Segment Start: THE RECORDS

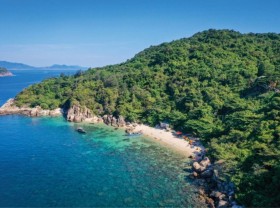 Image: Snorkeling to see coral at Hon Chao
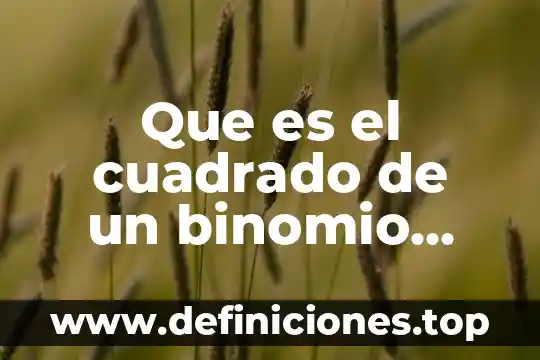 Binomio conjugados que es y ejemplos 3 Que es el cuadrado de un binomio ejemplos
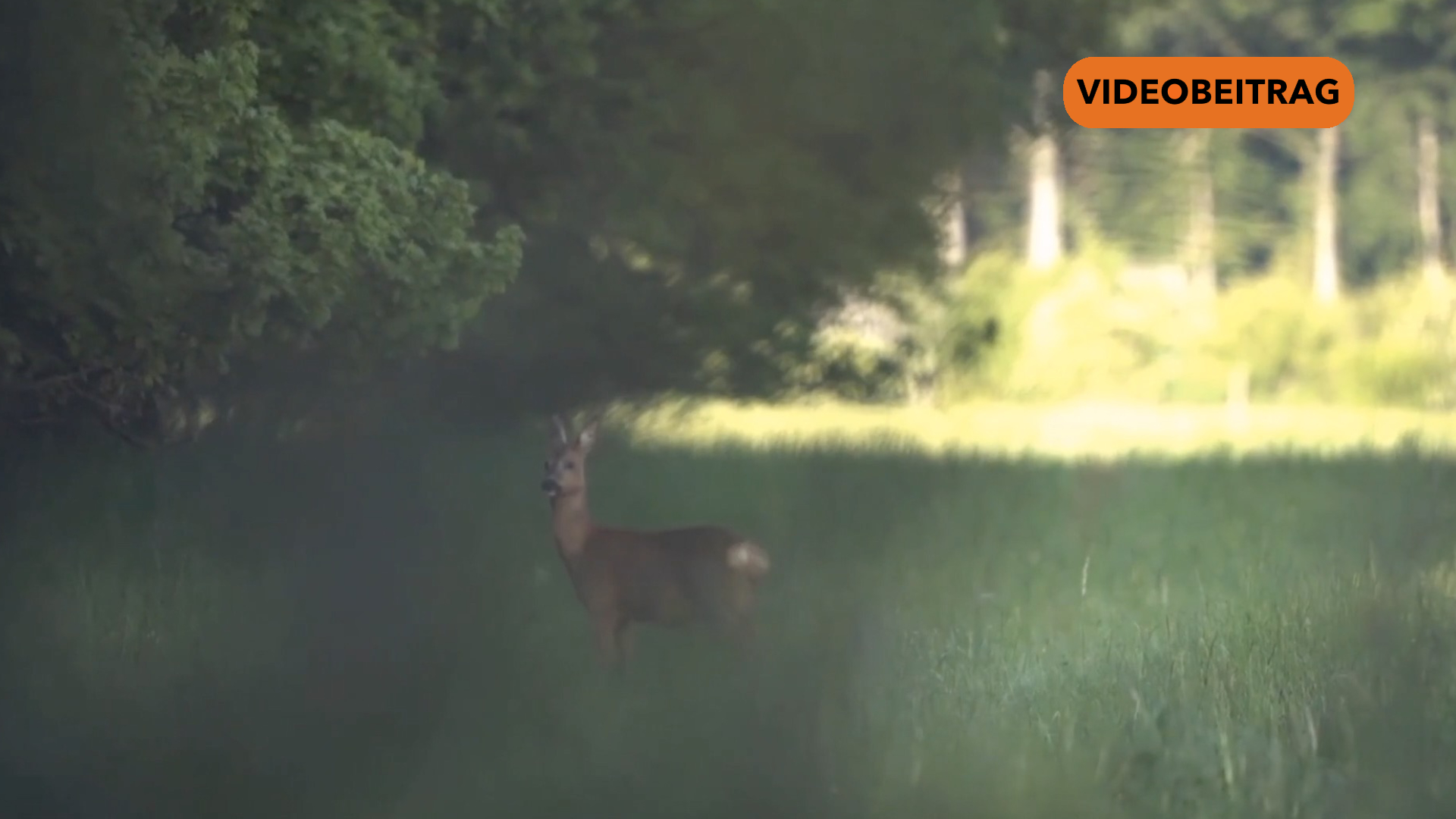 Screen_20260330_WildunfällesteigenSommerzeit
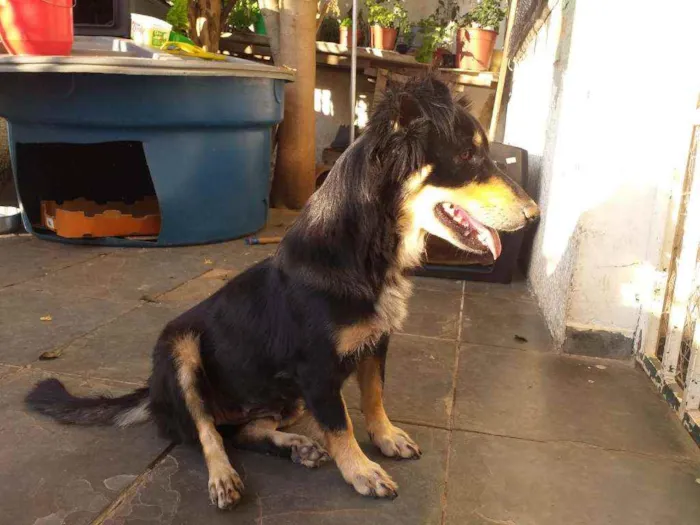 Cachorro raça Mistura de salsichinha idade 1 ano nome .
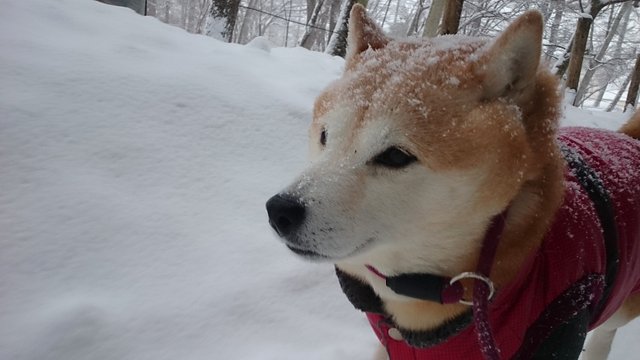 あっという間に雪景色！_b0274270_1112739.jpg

Segment End: THE RECORDS

WHAT TO DO>
Reproduce each entry precisely; the pictures stay out.

SOLUTION BELOW>
 Image: Snorkeling to see coral at Hon Chao
 Binomio conjugados que es y ejemplos 3 Que es el cuadrado de un binomio ejemplos
 Screen_20260330_WildunfällesteigenSommerzeit
 Cachorro raça Mistura de salsichinha idade 1 ano nome .
 あっという間に雪景色！_b0274270_1112739.jpg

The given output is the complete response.